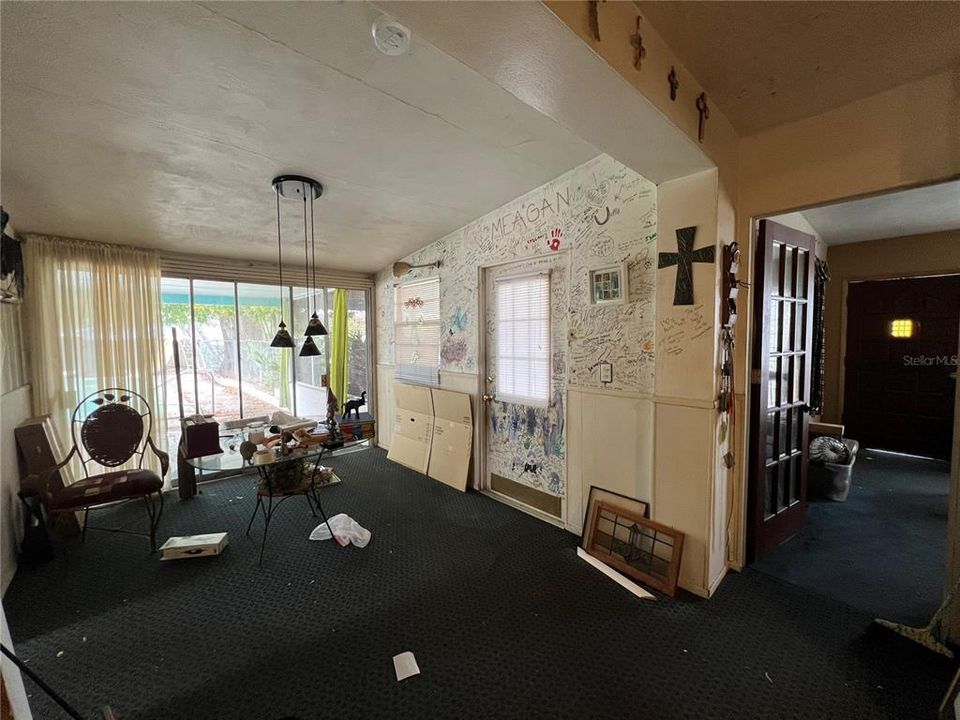 待售: $299,900 (3 贝兹, 2 浴室, 1438 平方英尺)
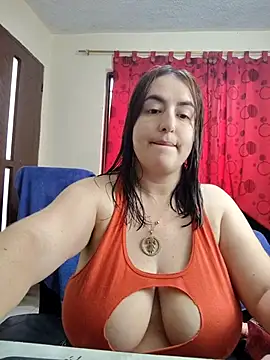 Snapshot of rosahills chatting on 23, 11, 2025 rosahills online show from 23, 11, 2025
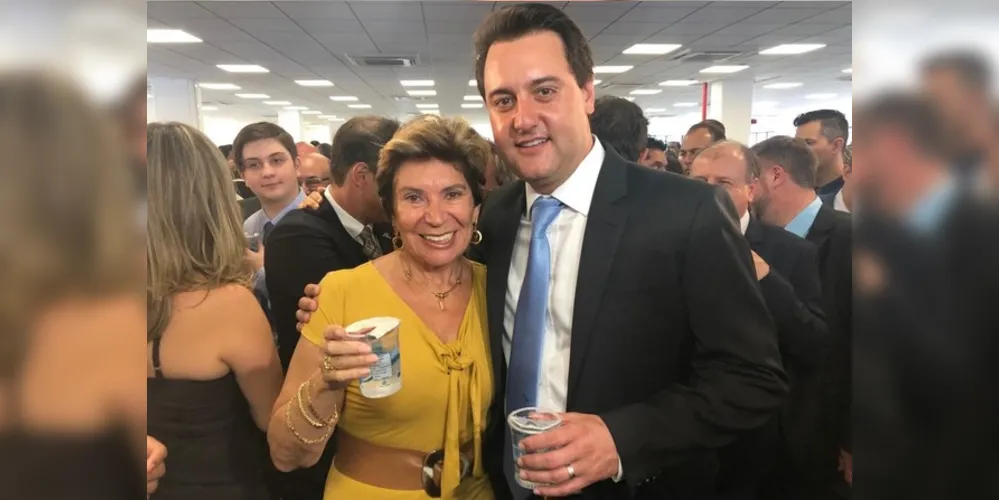 DESTAQUE. No registro especial, a prefeita em exercício Elizabeth Schmidt,  ao lado do governador Ratinho Junior, em solenidade na Sanepar, em Curitiba.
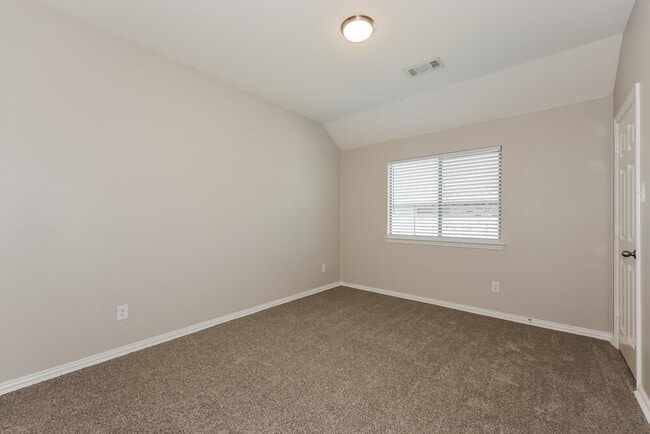 Building Photo - 12701 Campolina Way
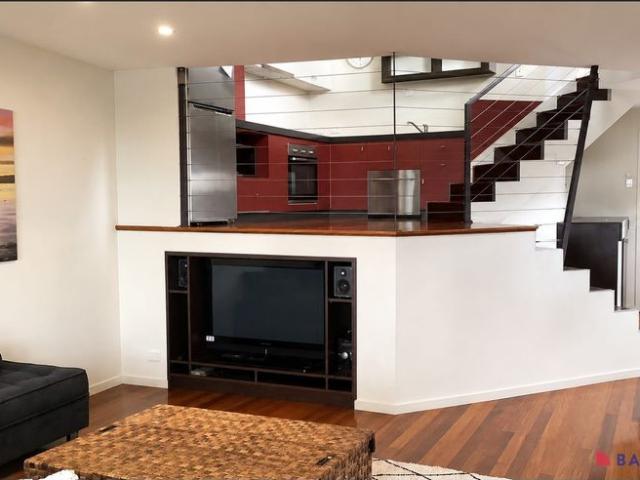 Brilliantly Located Loft Apartment on Beaton!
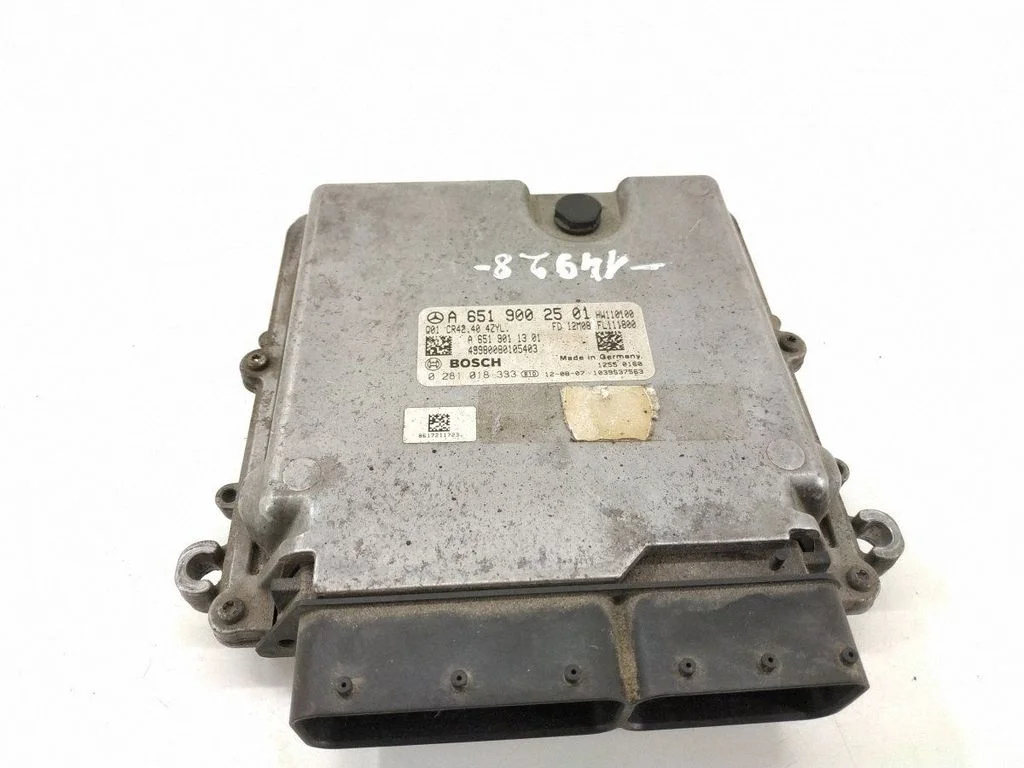 Dzinēja vadības bloks 6519002501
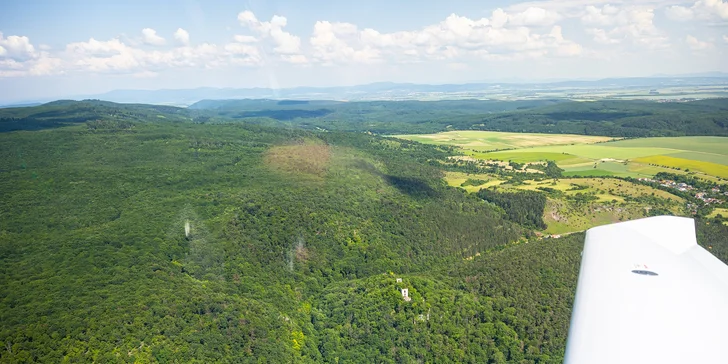 Zážitkové lety na lietadle DIAMOND DA-40 D pre 1 až 3 osoby - aj s možnosťou pilotovania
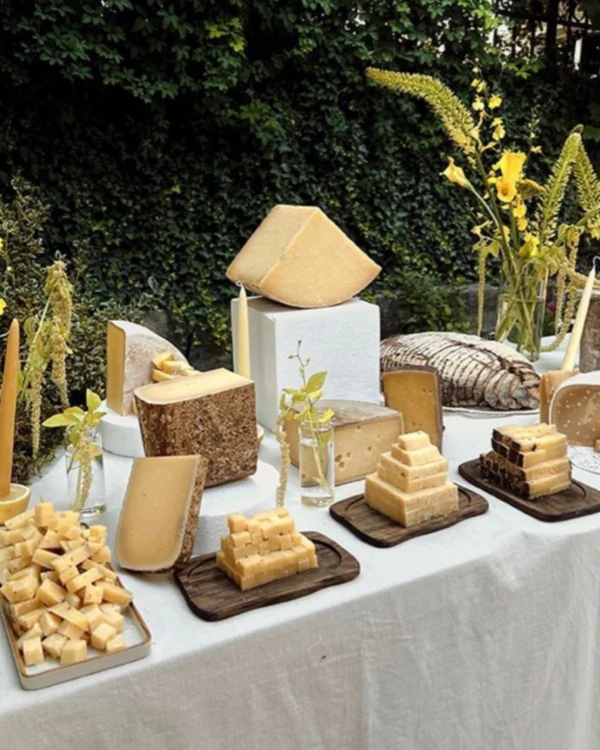 7 Unique Wedding Appetizers and How to Serve Them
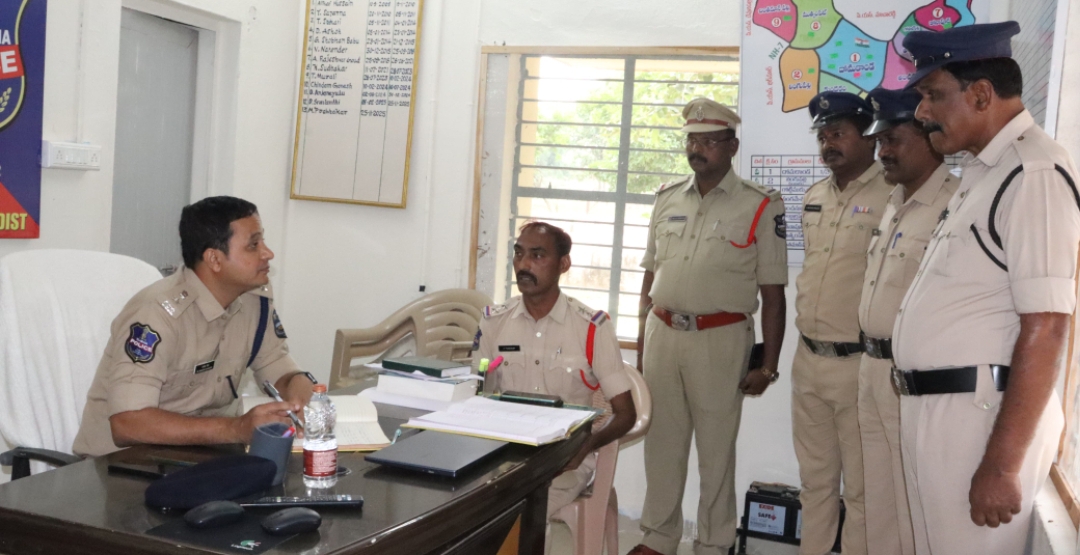 దోమకొండ పోలీస్ స్టేషన్&zwnj;ను ఆకస్మికంగా తనిఖీ చేసిన జిల్లా ఎస్పీ యం. రాజేష్ చంద్ర, ఐపీఎస్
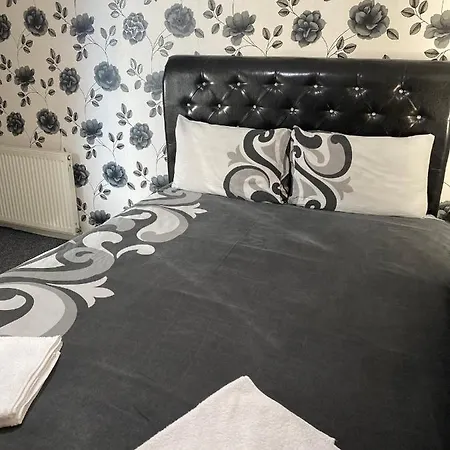 The Woodfield , Indoor Heated Swimming Pool, Spacious Lounge And Bar Hotell 3*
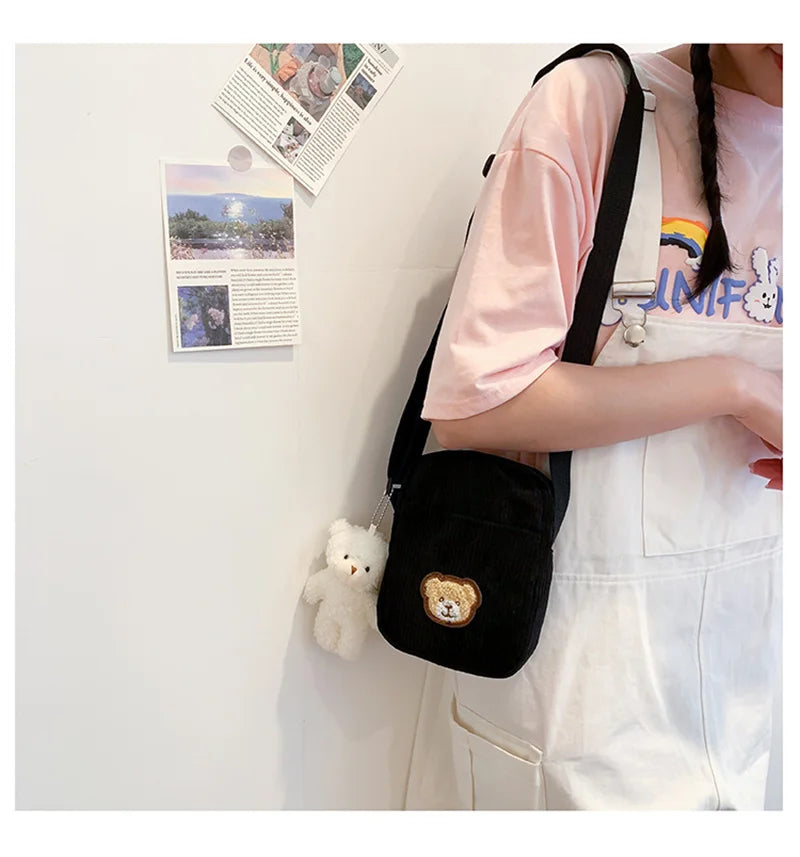 Amblot Small corduroy purse with zipper closure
= = =
--- DESCRIPTION OF THE TASK ---
Extract all the entries word for word; omit any pictures.

--- EXERCISE RESPONSE ---
 待售: $299,900 (3 贝兹, 2 浴室, 1438 平方英尺)
 Snapshot of rosahills chatting on 23, 11, 2025 rosahills online show from 23, 11, 2025
 DESTAQUE. No registro especial, a prefeita em exercício Elizabeth Schmidt,  ao lado do governador Ratinho Junior, em solenidade na Sanepar, em Curitiba.
 Building Photo - 12701 Campolina Way
 Brilliantly Located Loft Apartment on Beaton!
 Dzinēja vadības bloks 6519002501
 Zážitkové lety na lietadle DIAMOND DA-40 D pre 1 až 3 osoby - aj s možnosťou pilotovania
 7 Unique Wedding Appetizers and How to Serve Them
 దోమకొండ పోలీస్ స్టేషన్&zwnj;ను ఆకస్మికంగా తనిఖీ చేసిన జిల్లా ఎస్పీ యం. రాజేష్ చంద్ర, ఐపీఎస్
 The Woodfield , Indoor Heated Swimming Pool, Spacious Lounge And Bar Hotell 3*
 Amblot Small corduroy purse with zipper closure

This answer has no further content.